(WORK TASK):
Working from the top of the records below, reproduce each line exactly, ending once you have written the line containing "for sale house Oizon Cher 5".

(RECORD EXTRACTS):

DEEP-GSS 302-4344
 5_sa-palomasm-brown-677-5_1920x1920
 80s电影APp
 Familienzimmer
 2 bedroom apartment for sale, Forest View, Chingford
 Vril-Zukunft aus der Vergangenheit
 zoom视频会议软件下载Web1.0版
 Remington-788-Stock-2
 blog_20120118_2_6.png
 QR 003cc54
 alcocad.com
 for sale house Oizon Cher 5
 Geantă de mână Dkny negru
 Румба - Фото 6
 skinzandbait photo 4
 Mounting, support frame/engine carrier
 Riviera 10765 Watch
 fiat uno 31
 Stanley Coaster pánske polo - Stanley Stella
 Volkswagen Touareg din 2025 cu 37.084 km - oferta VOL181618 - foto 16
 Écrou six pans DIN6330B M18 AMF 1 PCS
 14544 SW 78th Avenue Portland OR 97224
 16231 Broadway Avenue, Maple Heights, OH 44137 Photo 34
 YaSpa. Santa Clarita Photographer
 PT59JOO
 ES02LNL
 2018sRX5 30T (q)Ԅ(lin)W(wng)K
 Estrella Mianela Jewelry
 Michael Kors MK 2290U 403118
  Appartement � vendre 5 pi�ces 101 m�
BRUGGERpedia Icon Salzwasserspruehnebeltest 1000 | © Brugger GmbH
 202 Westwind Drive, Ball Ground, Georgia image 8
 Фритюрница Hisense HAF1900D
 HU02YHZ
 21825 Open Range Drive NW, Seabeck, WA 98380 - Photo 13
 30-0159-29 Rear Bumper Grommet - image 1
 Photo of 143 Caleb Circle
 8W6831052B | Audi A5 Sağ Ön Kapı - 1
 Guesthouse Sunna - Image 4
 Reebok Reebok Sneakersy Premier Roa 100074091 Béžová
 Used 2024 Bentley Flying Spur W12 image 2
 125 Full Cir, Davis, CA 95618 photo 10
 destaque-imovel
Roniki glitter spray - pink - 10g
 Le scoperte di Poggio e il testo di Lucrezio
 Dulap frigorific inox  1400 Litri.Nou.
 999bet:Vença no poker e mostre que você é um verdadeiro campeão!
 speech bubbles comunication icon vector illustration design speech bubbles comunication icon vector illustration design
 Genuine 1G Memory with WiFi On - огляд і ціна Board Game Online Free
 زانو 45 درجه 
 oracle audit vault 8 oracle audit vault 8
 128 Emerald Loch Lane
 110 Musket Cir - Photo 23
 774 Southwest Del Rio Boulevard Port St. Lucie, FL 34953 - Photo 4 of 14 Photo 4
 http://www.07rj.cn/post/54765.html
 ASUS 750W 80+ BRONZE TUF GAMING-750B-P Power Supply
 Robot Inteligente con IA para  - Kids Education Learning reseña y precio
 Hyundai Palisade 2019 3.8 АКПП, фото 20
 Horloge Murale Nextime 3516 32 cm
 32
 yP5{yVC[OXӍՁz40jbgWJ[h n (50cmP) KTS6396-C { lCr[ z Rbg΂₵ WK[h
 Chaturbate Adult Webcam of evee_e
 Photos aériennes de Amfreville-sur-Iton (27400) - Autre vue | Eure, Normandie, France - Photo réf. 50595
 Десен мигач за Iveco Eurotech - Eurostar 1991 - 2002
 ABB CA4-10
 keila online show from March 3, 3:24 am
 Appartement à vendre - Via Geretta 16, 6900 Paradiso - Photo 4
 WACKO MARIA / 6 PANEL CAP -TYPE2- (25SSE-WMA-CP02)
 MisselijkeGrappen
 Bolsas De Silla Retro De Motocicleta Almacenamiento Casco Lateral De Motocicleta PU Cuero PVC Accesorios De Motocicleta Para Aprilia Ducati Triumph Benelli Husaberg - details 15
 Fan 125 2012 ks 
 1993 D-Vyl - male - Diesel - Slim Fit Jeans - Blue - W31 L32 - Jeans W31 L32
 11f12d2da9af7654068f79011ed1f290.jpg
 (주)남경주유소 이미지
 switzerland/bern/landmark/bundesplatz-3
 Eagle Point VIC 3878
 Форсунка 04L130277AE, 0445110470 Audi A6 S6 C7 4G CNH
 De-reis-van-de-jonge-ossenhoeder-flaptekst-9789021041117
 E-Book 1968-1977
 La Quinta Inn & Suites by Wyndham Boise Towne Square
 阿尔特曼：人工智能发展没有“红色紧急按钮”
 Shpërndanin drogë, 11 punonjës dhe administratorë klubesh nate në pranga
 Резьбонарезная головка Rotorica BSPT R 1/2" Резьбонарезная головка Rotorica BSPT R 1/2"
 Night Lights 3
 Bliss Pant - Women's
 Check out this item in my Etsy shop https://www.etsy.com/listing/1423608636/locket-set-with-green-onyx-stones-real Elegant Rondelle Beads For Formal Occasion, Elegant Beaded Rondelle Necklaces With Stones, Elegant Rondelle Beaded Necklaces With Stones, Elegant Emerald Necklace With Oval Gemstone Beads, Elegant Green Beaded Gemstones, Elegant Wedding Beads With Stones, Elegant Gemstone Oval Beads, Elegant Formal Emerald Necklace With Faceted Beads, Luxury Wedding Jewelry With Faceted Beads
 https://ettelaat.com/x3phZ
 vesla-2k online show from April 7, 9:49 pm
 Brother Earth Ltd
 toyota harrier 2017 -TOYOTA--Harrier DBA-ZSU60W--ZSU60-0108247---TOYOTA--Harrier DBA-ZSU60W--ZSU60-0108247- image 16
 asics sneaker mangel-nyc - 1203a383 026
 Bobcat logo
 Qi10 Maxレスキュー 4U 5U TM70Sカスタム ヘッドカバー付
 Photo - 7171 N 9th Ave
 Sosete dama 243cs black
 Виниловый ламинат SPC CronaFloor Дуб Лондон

(COMPLETED EXERCISE):
DEEP-GSS 302-4344
 5_sa-palomasm-brown-677-5_1920x1920
 80s电影APp
 Familienzimmer
 2 bedroom apartment for sale, Forest View, Chingford
 Vril-Zukunft aus der Vergangenheit
 zoom视频会议软件下载Web1.0版
 Remington-788-Stock-2
 blog_20120118_2_6.png
 QR 003cc54
 alcocad.com
 for sale house Oizon Cher 5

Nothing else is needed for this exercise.